Composition shingles, or asphalt shingles, are the most commonly used shingle in the United States. Dimensional shingles, which are generally made from two asphalt shingles laminated together, have many similarities to composition shingles but also have several distinct advantages, and are consequently the most popular roofing material used in the construction of new homes. They are thicker than other types of shingles, and provide added strength to the roof; the thickest type can withstand winds blowing at a rate of 120 mph. Architectural shingles can withstand extreme weather of many types and can be expected to last for 40 or more years, 10 to 20 years longer than the life expectancy of a roof shingled with composition shingles. While composition shingles are a bit less expensive, the increased lifespan of dimensional shingles can make them worth the price and make them a good investment for your home. They can be particularly cost-effective if you are planning to own your home for several decades; you may find that you will never have to re-roof your house again while you own it.

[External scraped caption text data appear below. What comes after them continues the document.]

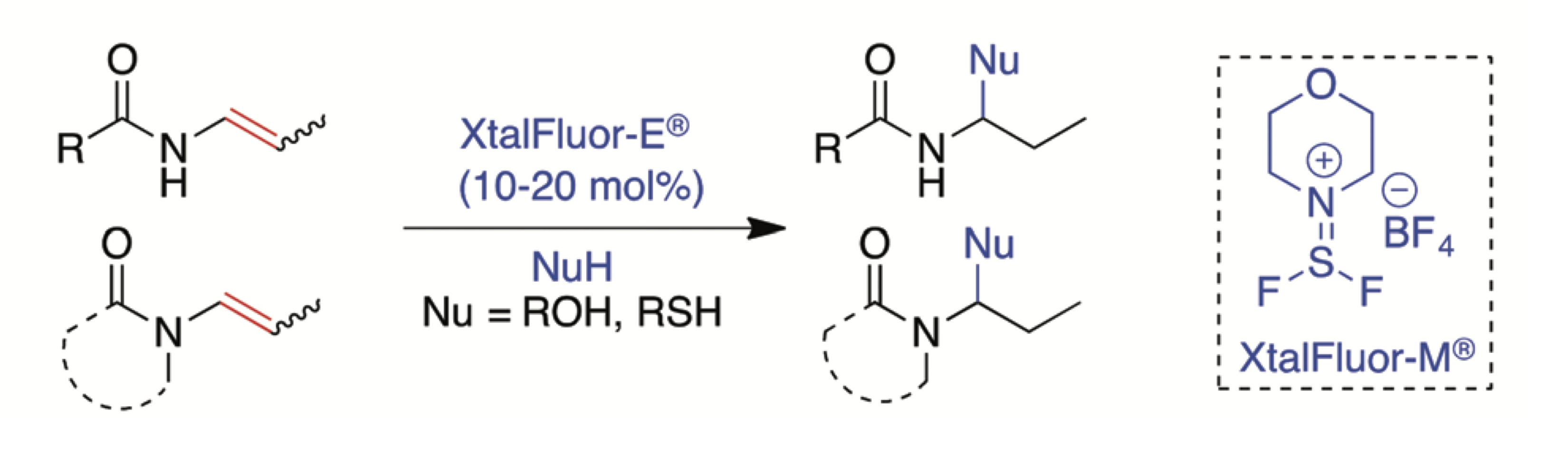 XtalFluor-E mediated proto-functionalization of N-vinyl amides: access to N-acetyl N,O-acetals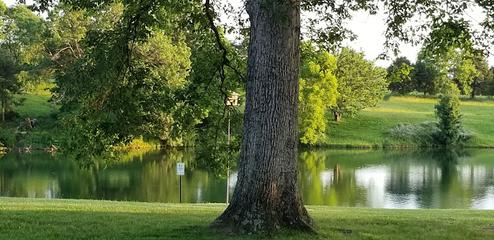 Little Patch of Heaven Campground
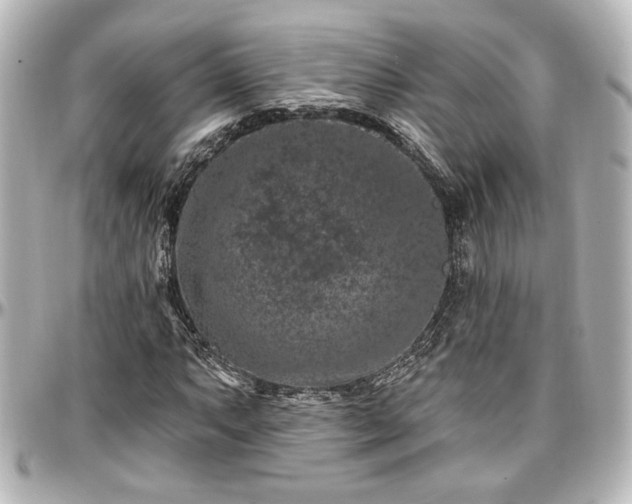 X0000097291063200802221307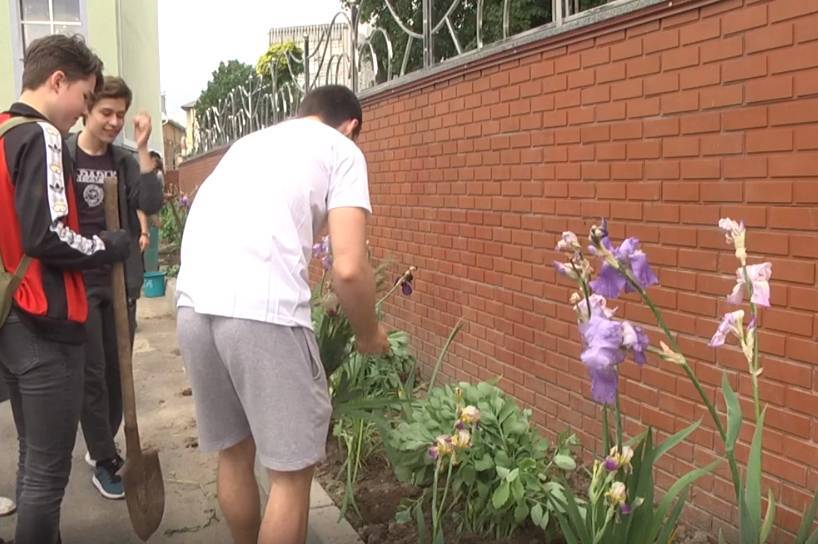 Замість повітряних кульок випускники 17-ї гімназії висадили квіти на подвір'ї школи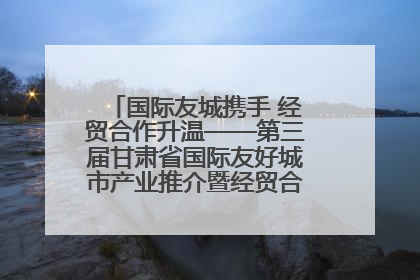 国际友城携手 经贸合作升温——第三届甘肃省国际友好城市产业推介暨经贸合作对接活动特写
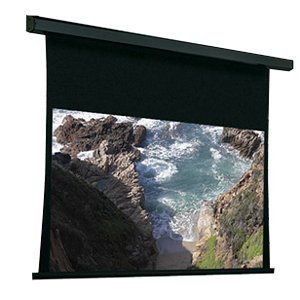 Draper Premier Electric Projection Screen 101641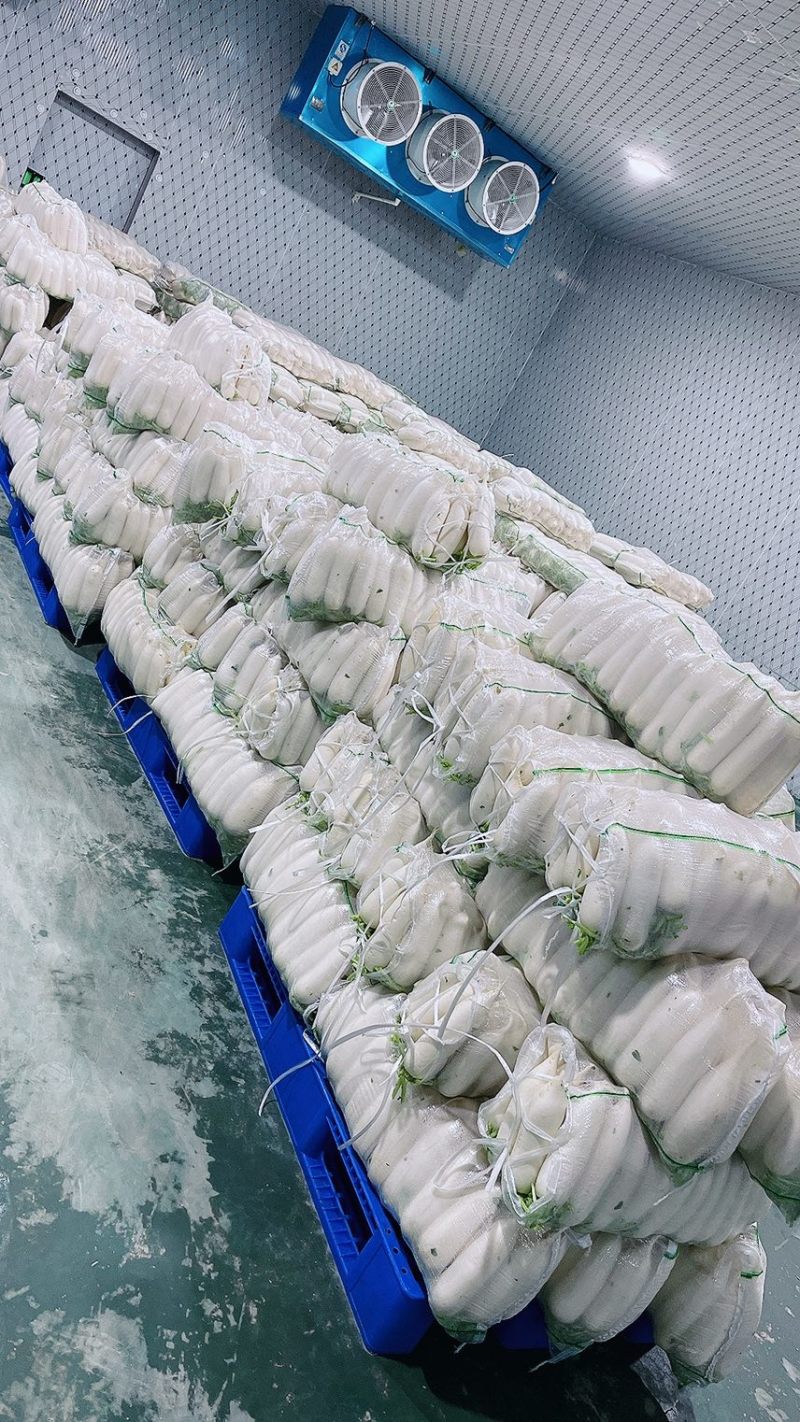 专业加工各种规格白萝卜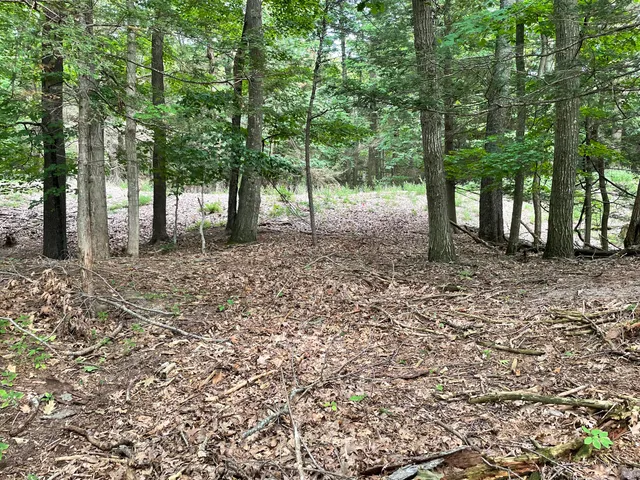 $1,950,000 | 2087 South Glen Road, Shelby, MI 49455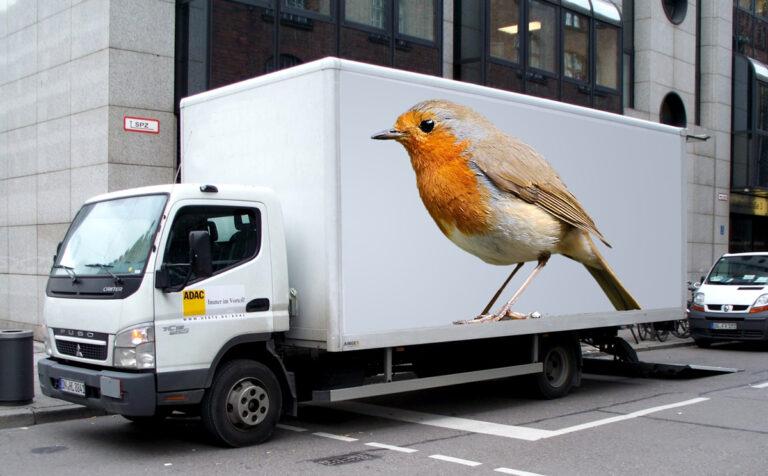 2716 Mitsubishi Fuso Canter - Ähhh … nein. - Kolumne oder so - Die letzte Seite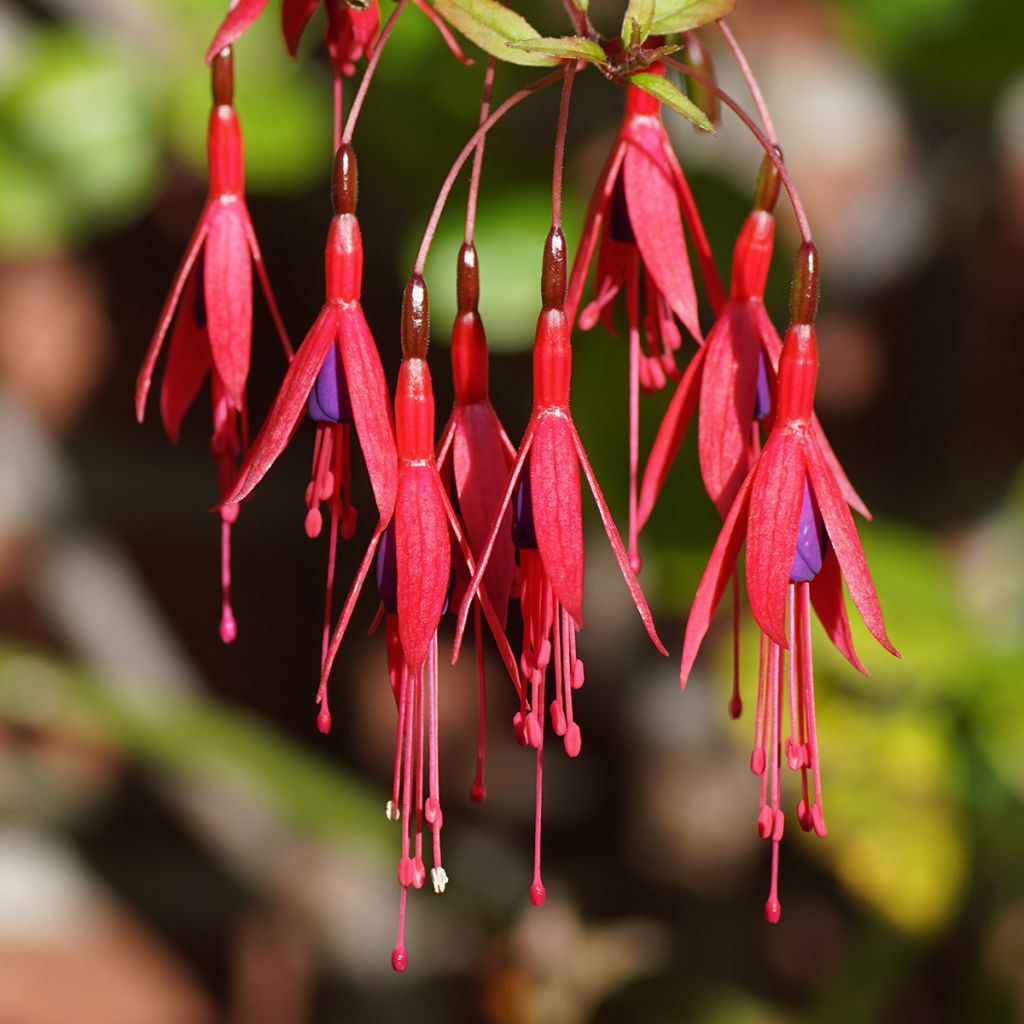 Fucsia magellanica Riccartonii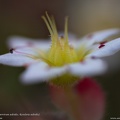 rosularia-sedoides-sempervivella-alba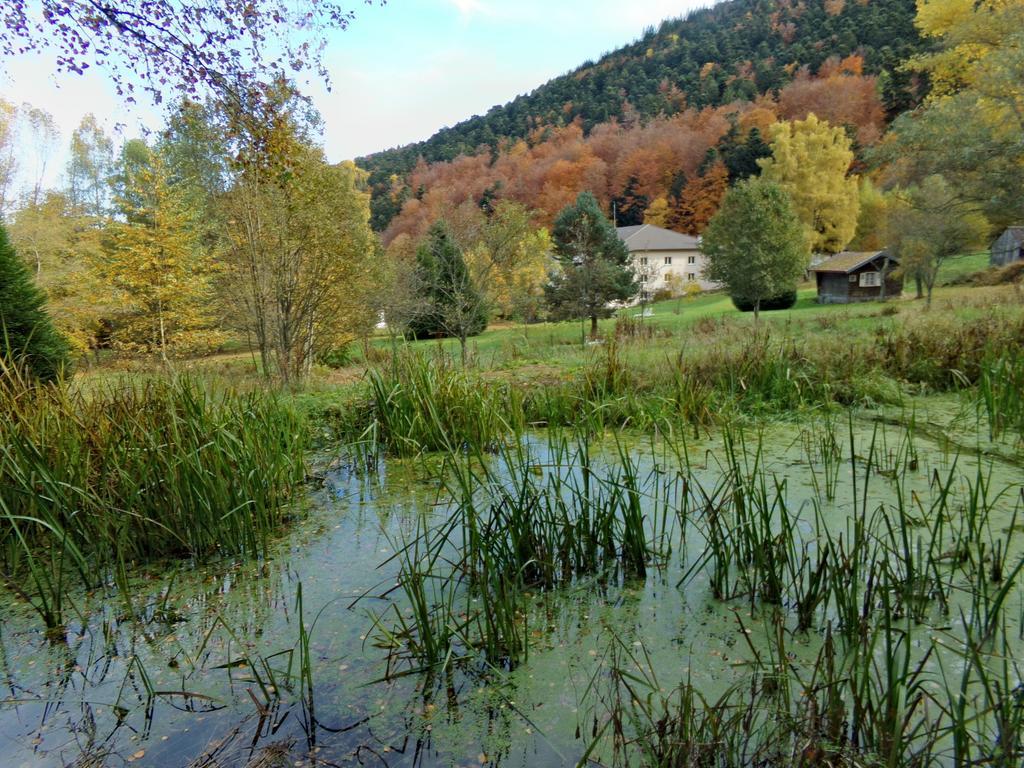 Hotel-spa & Restaurant Logis Domaine Langmatt Hotel Murbach
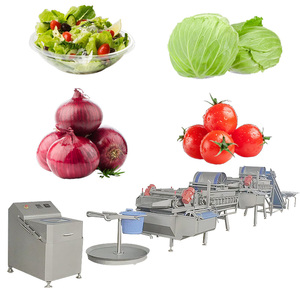 Máquina Industrial para Lavar Hojas de Ensalada 500kg/h - Product Image 1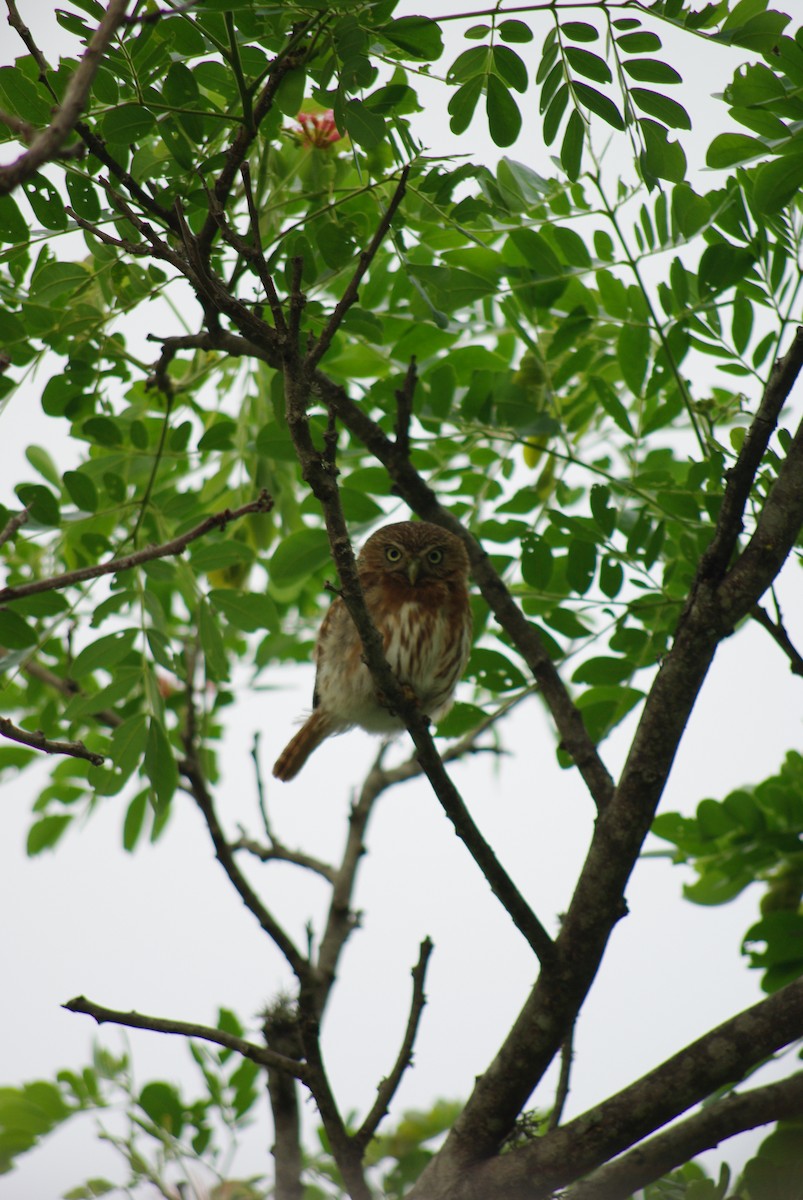 Peruvian Pygmy-Owl - ML56180651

Architectural shingles are a great choice to create a more interesting, custom roof, and resemble more expensive roofing materials like tile and slate. They can also resemble a shake roof, but are significantly more fire resistant and last longer than shake shingles. A shake roof provides a traditional look and is often used to compliment the architecture of historic homes and buildings, so achieving the same look with longer lasting, safer architectural shingles can be desirable. In some communities, shake shingles are not even allowed because of the fire hazard they can pose, or you must pay extra to have specially treated shake shingles that are more fire resistant. Using the already fire-resistant dimensional shingles may be a better option, and may not even cost significantly more over the lifespan of the roof.



Just as with composition shingles, moss buildup is one of the biggest problems with dimensional shingles. To keep your roof attractive and in good condition, be sure to provide simple maintenance. The simplest way to avoid buildup of moss, algae, and mildew is to remove wet leaves and other debris that can accumulate on your roof. It is also extremely important that your roof have adequate venting, an issue that should be addressed when installing your dimensional shingles. While it is generally easier and safer to hire a roofing professional, dimensional shingles are not particularly difficult to install, and can be installed as a do-it-yourself project if you are comfortable with roofing and have the appropriate tools.

If you are contemplating a roofing project, be sure to consider the advantages that dimensional shingles have over some of your other choices of roofing materials. They are extremely durable, and can allow you to customize the look of your home's exterior. While they are initially a bit more expensive than some other roofing materials, dimensional shingles have a lot to offer and can even be an economical choice in the long run.